Caption-style text data
+++++
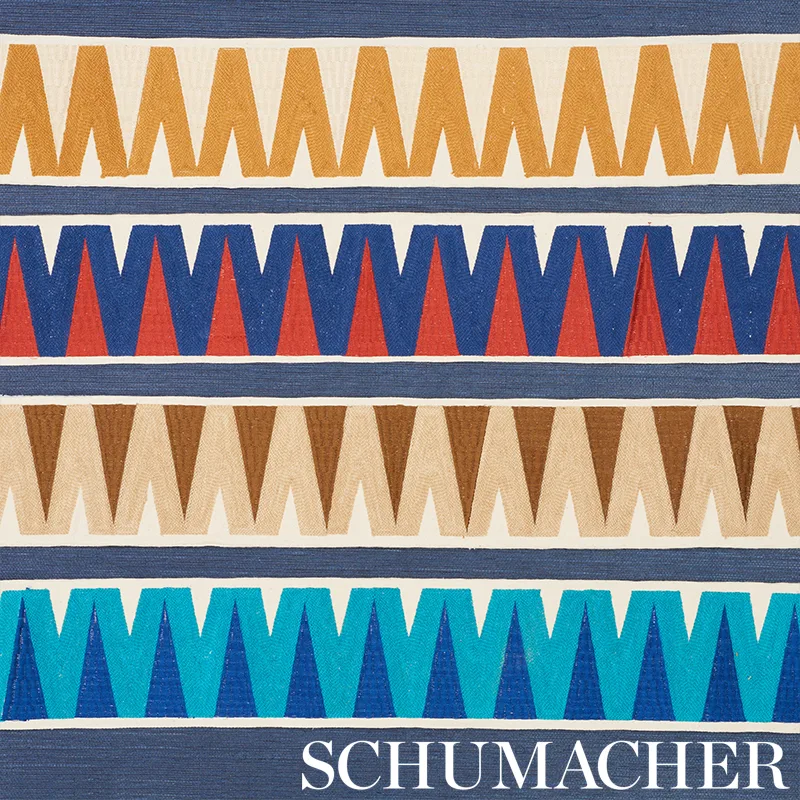 76061 | Prado Tape - Saffron Schumacher Prado Tape trim in Saffron (76061)
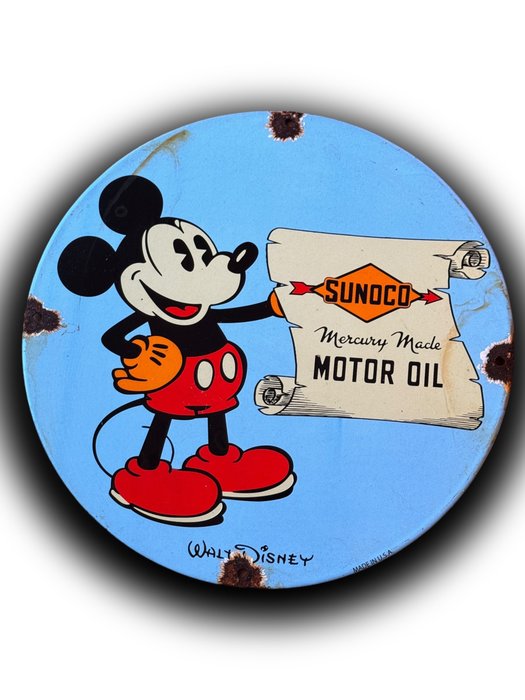 Sunoco oil plaque d'occasion  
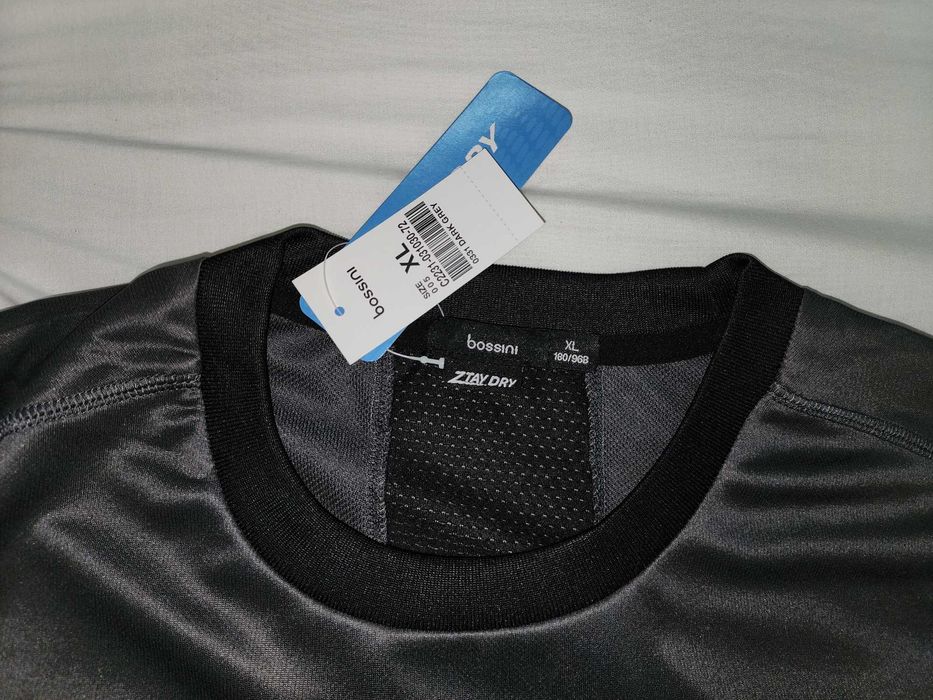 Футболка Bossini Оригинал Серая Размер XL
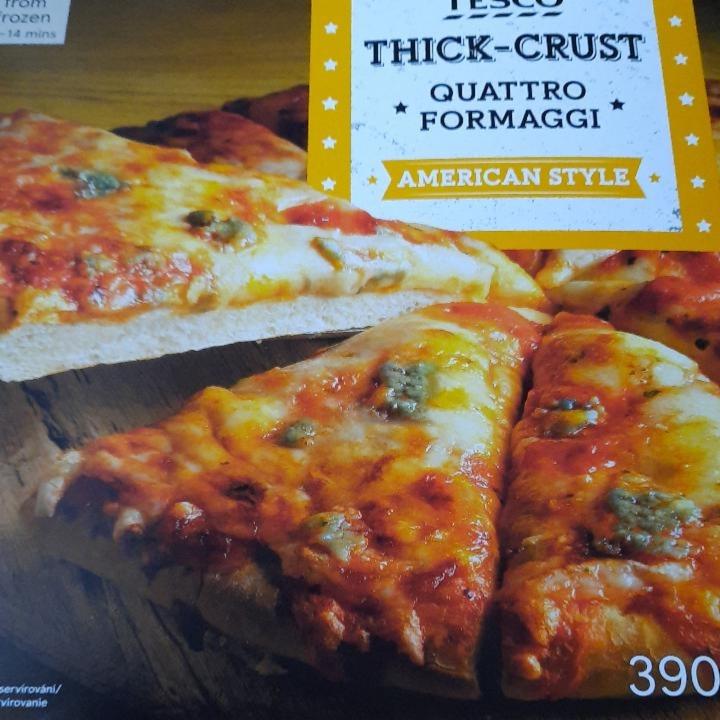 Fotografie - American Style Thick-Crust Quattro Formaggi pizza Tesco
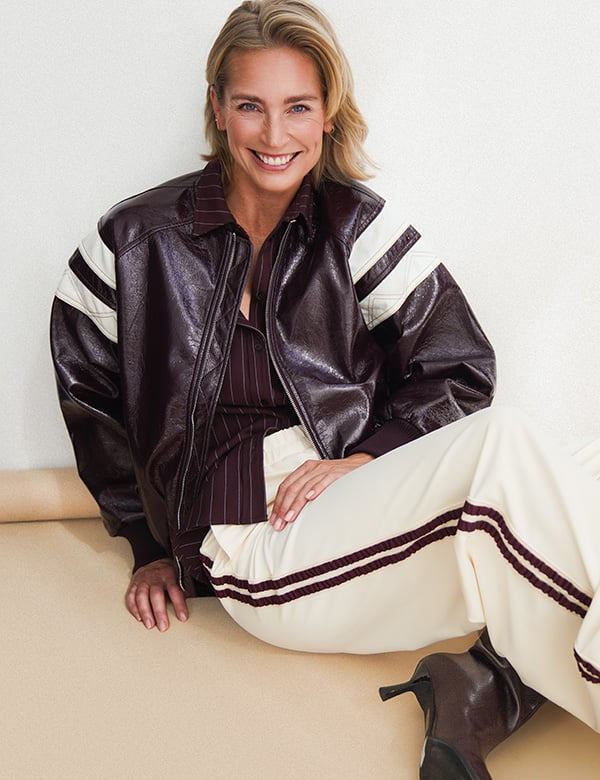 vrouwelijk model met blond heer Ilze L.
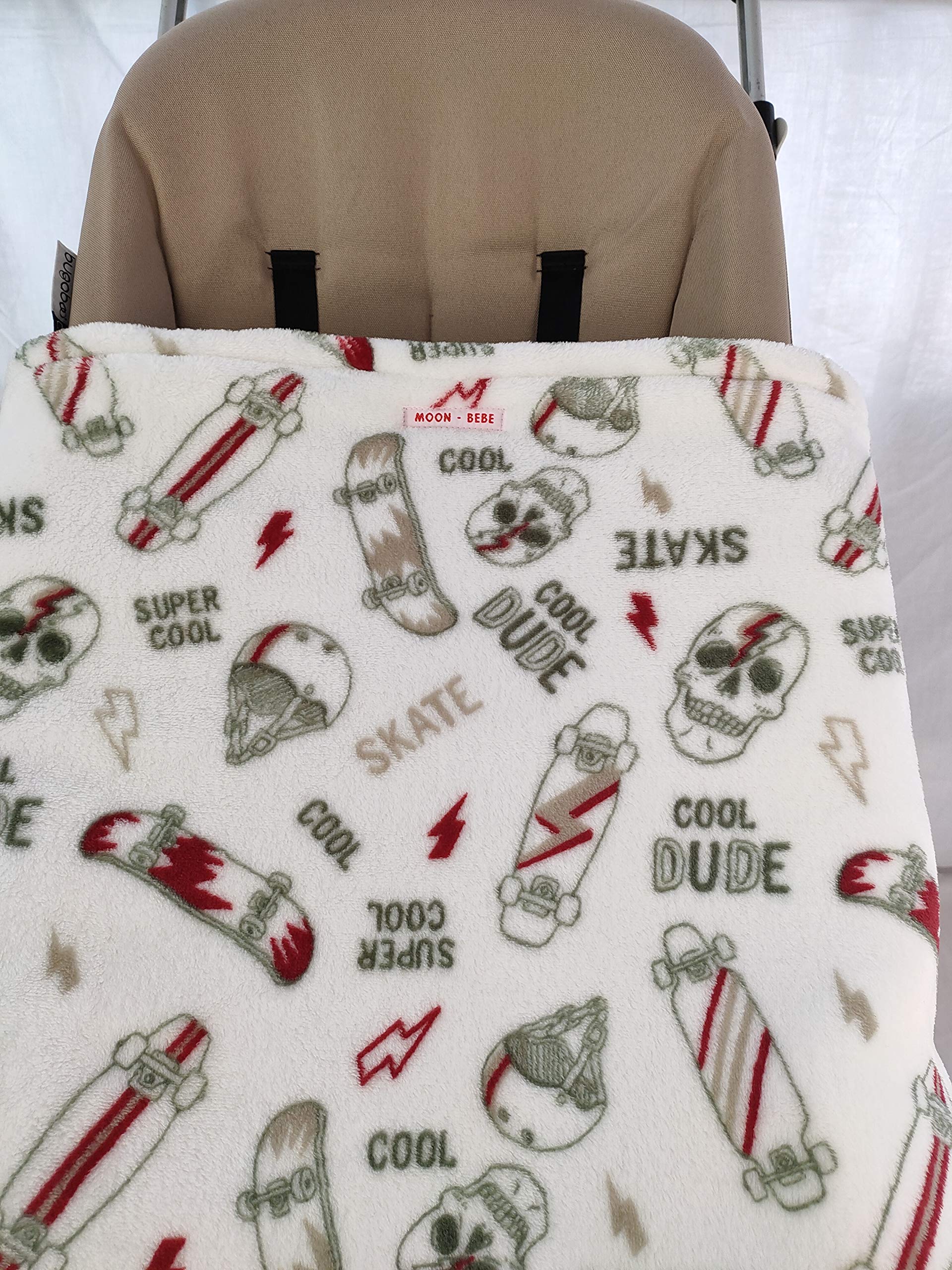 moon-bebe MANTA SACO PARA SILLA DE PASEO Y PORTABEBE (BLANCO)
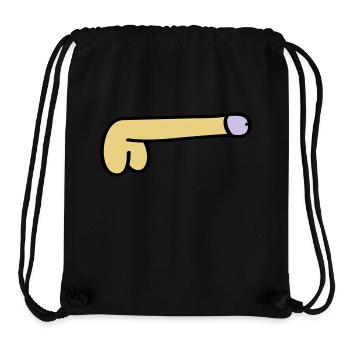 symbol dick - Stanley/Stella Recycled Gym Bag - black - Front
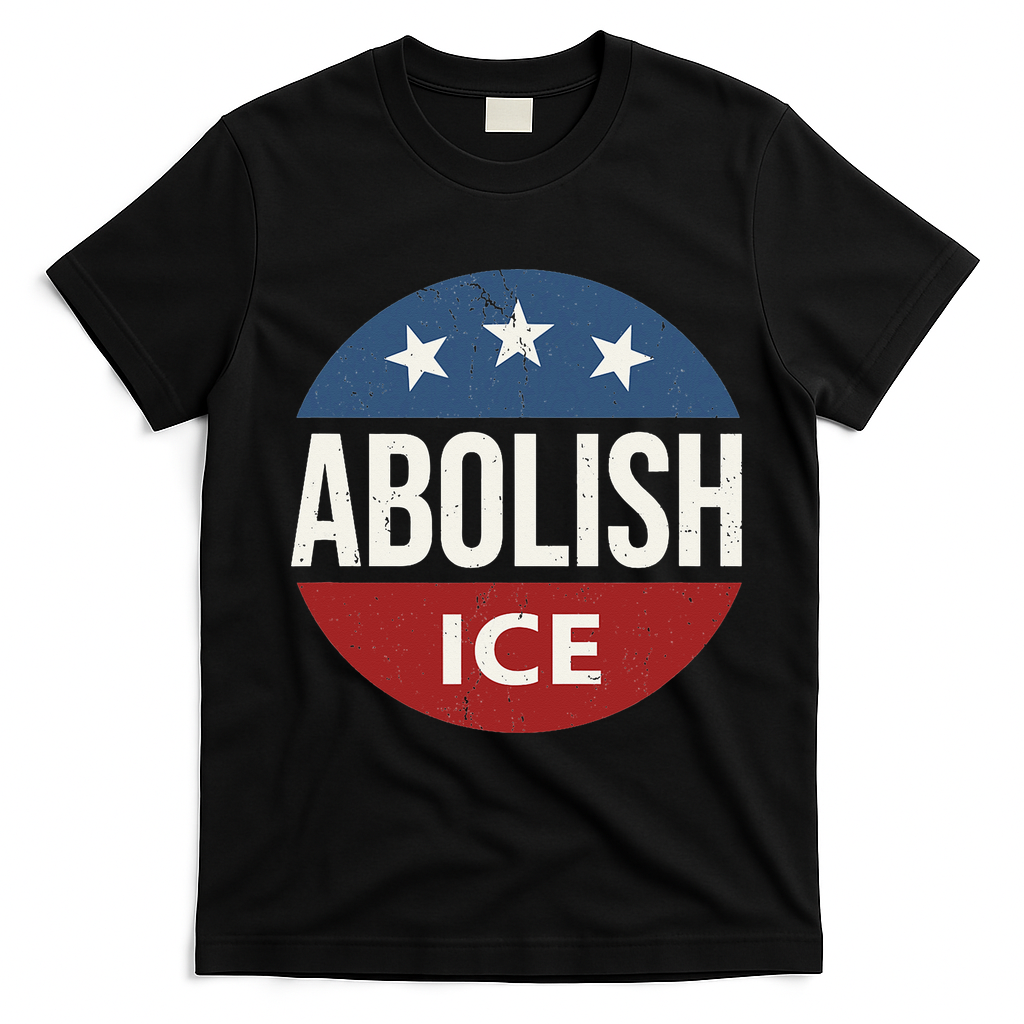 Abolish Ice Anti Trump T-Shirt - Black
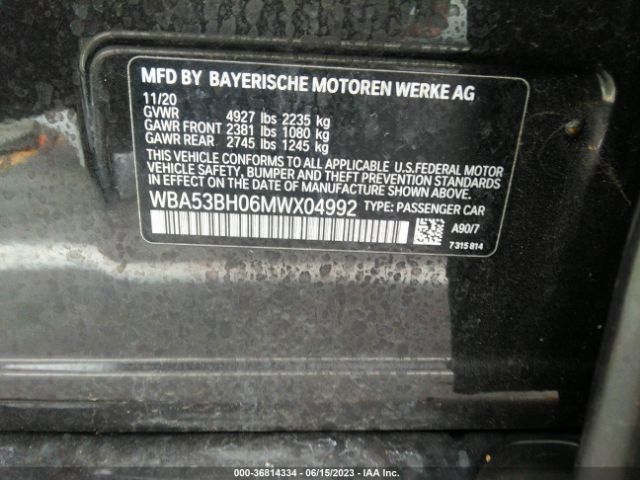 WBA53BH06MWX04992 BMW 5 Series 530i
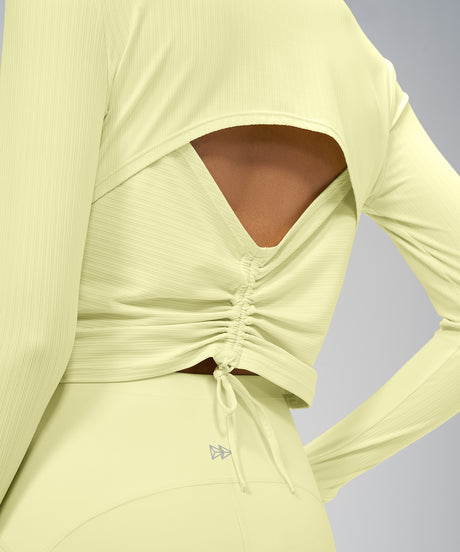 Anywhere™ Lightweight Drawstring Long sleeves Yoga Tee| Women's Sports T-shirt - image 5
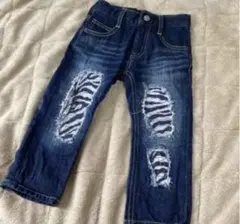 Rad Custom 90cm ゼブラ柄ジーンズ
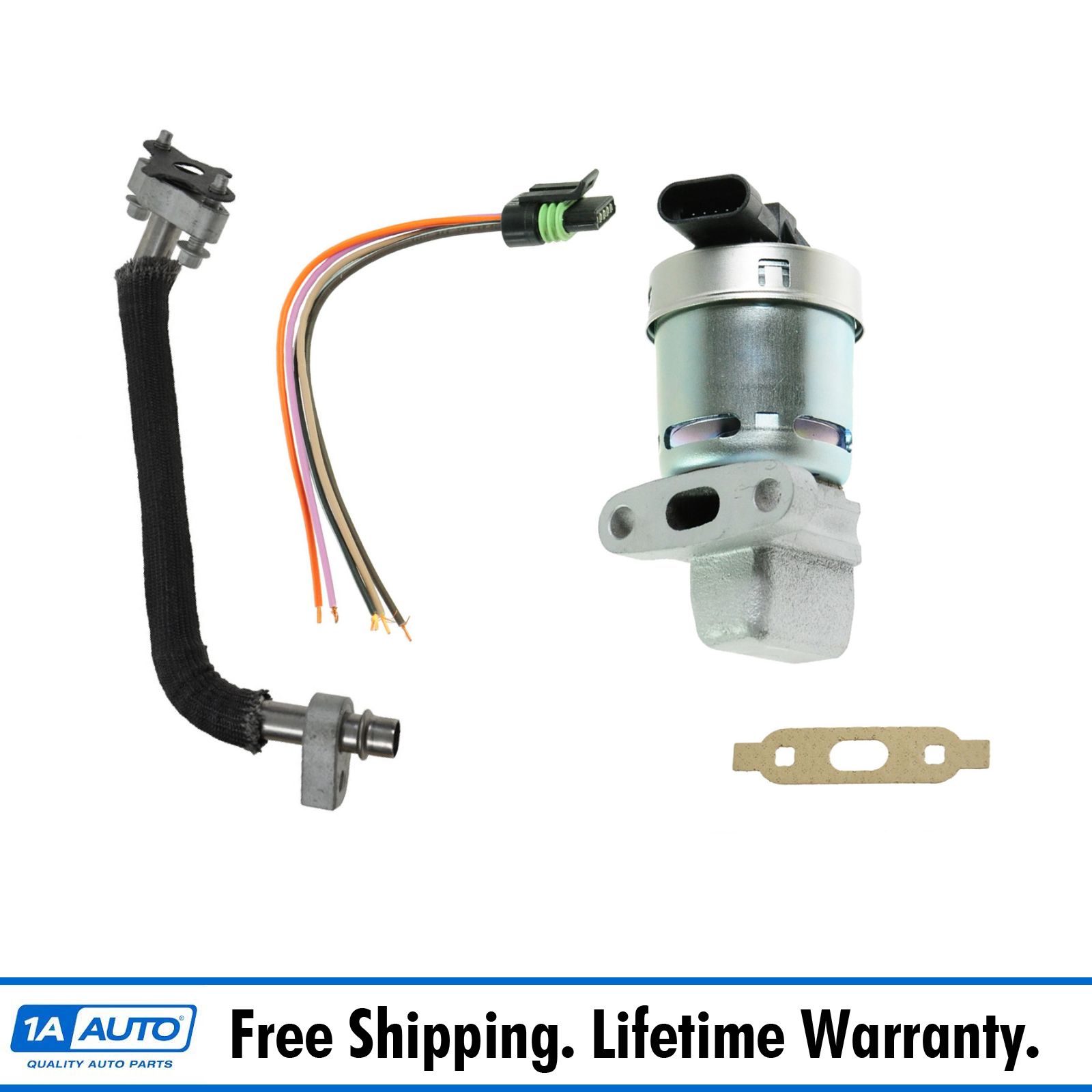 Updated EGR Valve & Tube Kit Set w/ Pigtail for Equinox Pontiac Torrent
+++++
- TASK DETAILS -
Whatever lies between the first line of the data and the line holding "vrouwelijk model met blond heer Ilze L.", inclusive, should be repeated exactly, apart from the pictures.

- RESULT FOR THIS EXERCISE -
 76061 | Prado Tape - Saffron Schumacher Prado Tape trim in Saffron (76061)
 Sunoco oil plaque d'occasion  
 Футболка Bossini Оригинал Серая Размер XL
 Fotografie - American Style Thick-Crust Quattro Formaggi pizza Tesco
 vrouwelijk model met blond heer Ilze L.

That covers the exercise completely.